WHAT YOU NEED TO DO:
Return every line from the one with "Detailed view of" through the one with "old device for", inclusive, exactly as it appears below.

PROVIDED ENTRIES:
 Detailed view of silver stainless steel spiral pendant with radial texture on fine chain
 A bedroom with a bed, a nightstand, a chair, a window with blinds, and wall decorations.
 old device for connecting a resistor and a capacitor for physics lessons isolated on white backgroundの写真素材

...

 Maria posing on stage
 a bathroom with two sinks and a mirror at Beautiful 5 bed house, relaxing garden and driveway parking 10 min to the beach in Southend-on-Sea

* * *

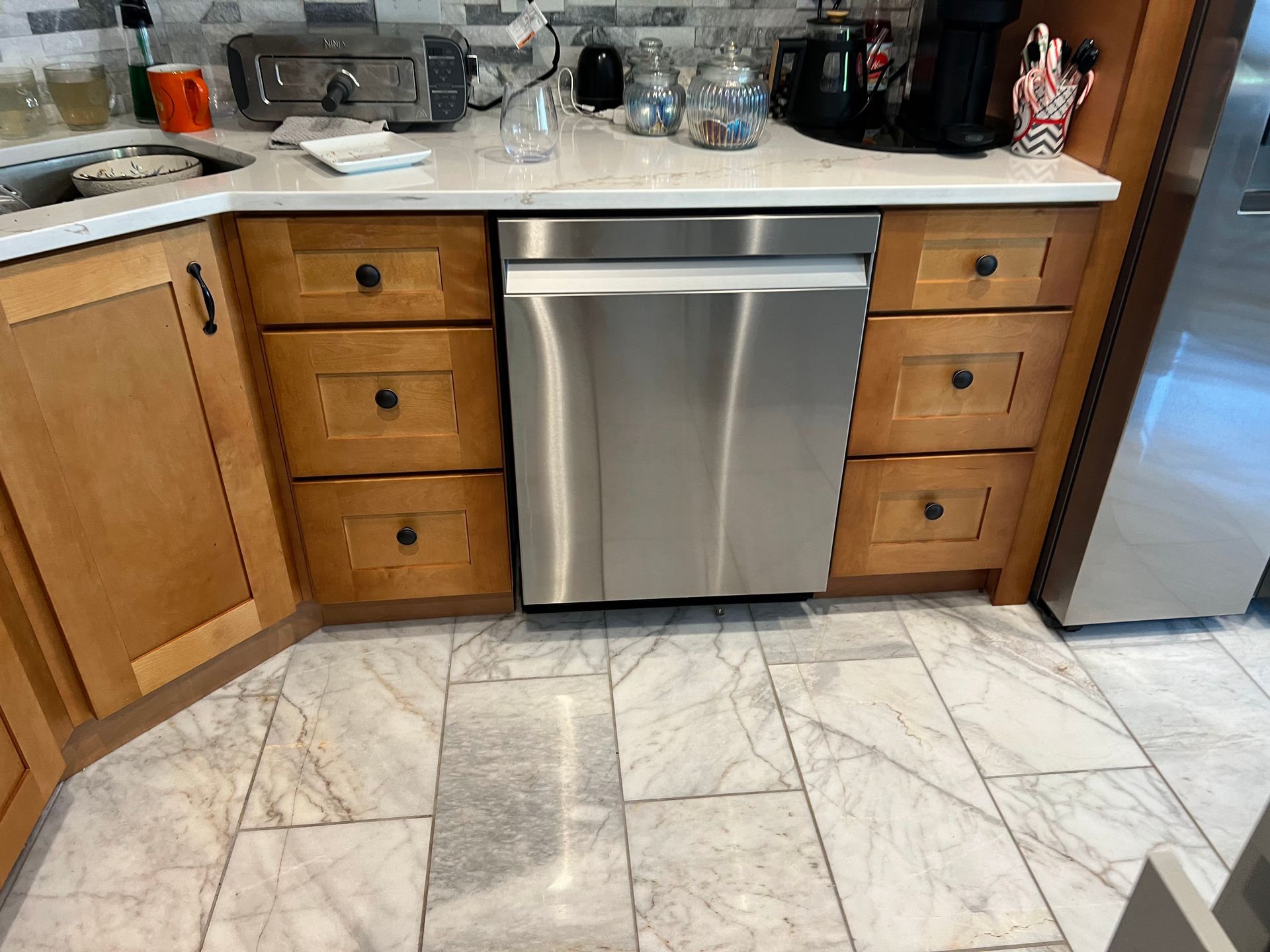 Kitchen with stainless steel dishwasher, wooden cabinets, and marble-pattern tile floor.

TASK OUTPUT:
 Detailed view of silver stainless steel spiral pendant with radial texture on fine chain
 A bedroom with a bed, a nightstand, a chair, a window with blinds, and wall decorations.
 old device for connecting a resistor and a capacitor for physics lessons isolated on white backgroundの写真素材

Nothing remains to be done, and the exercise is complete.